You are probably already asking yourself what is WyoLum Text Format, or WTF? for short. Let me answer that for you. The WyoLum Text Format is a file format that defines the LED sequencing for ClockTHREEjr. This makes it easy for anyone to define a new language or dialect for ClockTHREEjr without programming. Our LINGUIST backers from Kickstarter and others have already used WTF to define 10 languages and variants. Here, we show how it works through an example: Dutch_v1. (David Pincus’ and Roel Paes’ clear and simple rendition of the LED sequence that defined his Dutch variant was the spark that led to WTF).
In your favorite spreadsheet program (we use Google Docs), start by defining the characters in the 8×16 LED grid.
0 1 2 3 4 5 6 7 8 9 0 1 2 3 4 5 0 h e t r i s p v i j f b t i e n 1 k w a r t w i n t i g n v o o r 2 o v e r v h a l f w t w e e n b 3 d r i e v i e r v i j f z e s b 4 z e v e n e g e n a c h t i e n 5 e l f t w a a l f c u u r f ' s 6 o c h t e n d s m i d d a g s a 7 d p a v o n d s n a c h t s j s
The first character “h” (in the upper left hand corner of the grid) goes in cell “C2” so that the character grid covers the range(C2:R9).
Next we define the grid vocabulary (the individual words that the faceplate is capable of displaying) . A “word” here means a group of horizontally adjacent cells which is identified by three numbers: starting row, starting column, and length. Words are allowed to overlap if they share common letters. For instance “twee” and “een” at the end of row number 2 share “ee”. The word definitions start in cell V1. The number of words in the vocabulary is arbitrary although there are more efficient ways of stroring the LED sequence if more than 128 words are used. In practice, we have not required more than 45 words in any variant. If we include the labels in column U and the translations in rows 3 and 4, the Dutch_v1 words start out like this:
StartRow 0 0 0 0 1 1 1 2 2 ... StartCol 0 4 7 12 0 4 12 0 5 ... length 3 2 4 4 5 7 4 4 4 ... Dutch het is vijf tien kwart twinig voor over half ... Translation it is five ten quarter twenty before after half ...
Although it is not absolutely essential, the words should appear in the same order as on the faceplate. This allows Simulate.py (discussed later) to print the words corresponding to each time as well as to display the time on the faceplate.
Next we define when each word should light up. There are 288 5-minute time increments in 24 hours. Therefore, the LED sequencing matrix has 288 rows and one column per word. In Dutch_v1 there are 27 words, so the LED sequencing matrix is 288 rows by 27 columns starting in cell V6. In Dutch “het is twaalf uur ‘s nachts” means “it is mignight”. This is indicated in the first row of the LED sequencing matrix by copying each word in the pharse “het is twaalf uur ‘s nachts” to the first row, in the appropriate cell. Please refer back to the Google doc for clarification. Even though this is really a binary (on/off) matrix we use the whole word to indicate that it should be lit so that it is easty to read the time phase right off the spreadsheet.

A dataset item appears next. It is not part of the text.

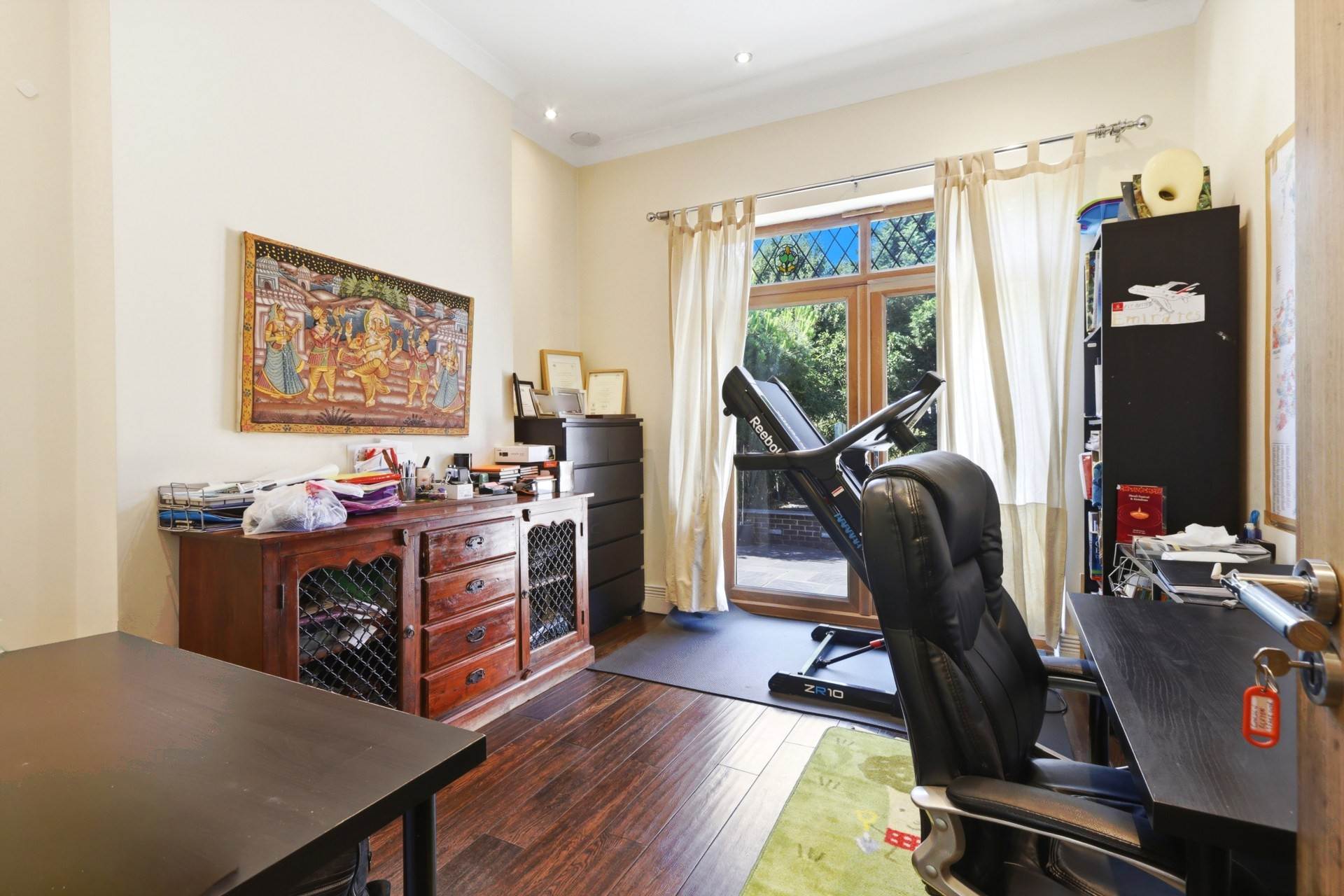 Friern Barnet Road, London, Image 4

Finally we define the “minutes hack” leds and sequencing. Some people love the minutes hack, others hate it. Basically it allows the clock to display more precise time than every five minutes, but not in words. We call it the “minutes hack” because when Anool and I made our first word clock, the “Worduino” the minute leds were an after thought. Traces needed to be cut and extra wires needed to be added. It really was a hack. Since then we have designed in the “minutes hack” but the name as stuck.
You can have as many “minute” leds as you want. The Hebrew_v1 variant uses the whole bottom row as minute LEDs, but just four works well too to show how many minutes past the displayed time have elapsed. A minute LED is a single cell specified by a row and a column of the matrtix. Also a variant may have any number of minute hack “states”. The transitions are timed so that the entire sequence is displayed every five minutes.
The number of minute LEDs is specified in cell V294. Put a zero here if your variant does not use minutes hack LEDs. The number of minutes hack states is specified in cell X294. Again, put a zero here if your variant does not use minutes hack LEDs.
Since Dutch_v1 does not used the minutes hack feature, we use Shai Aharonov’s Hebrew_v1 as an example.
n_min_led 16 n_min_state 20
Including the labels the LED locations for this variant look like this (the first 7 is located in cell V295):
minute row 7 7 7 7 7 7 7 ... minute column 0 1 2 3 4 5 6 ...
The next n_min_state rows (20 in this case) define when each minute led is lit. Put an “X”s in the appropriate cells.